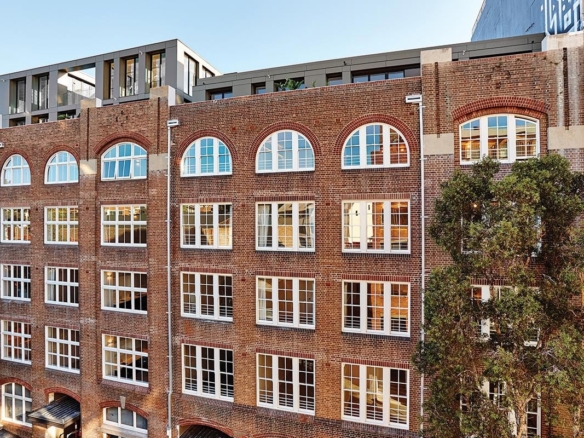 duCHATEAU | Real Estate | Surry Hills - 1 Lacey Street - Surry Hills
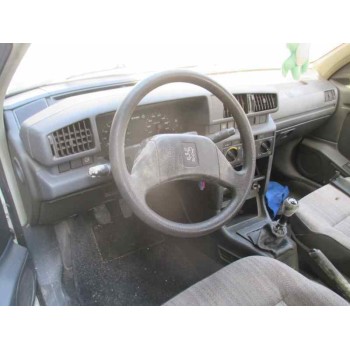 peugeot 405 berlina del año 1991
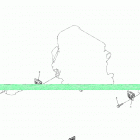 SRVIPER R TX (SR1NRJB) Крепление двигателя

*PROMPT*
The lines from the one that contains "peugeot 405 berlina del año 1991" through the end of the data, repeated exactly and with no pictures, make up the whole answer.

*THE COMPLETED TASK*
 peugeot 405 berlina del año 1991
 SRVIPER R TX (SR1NRJB) Крепление двигателя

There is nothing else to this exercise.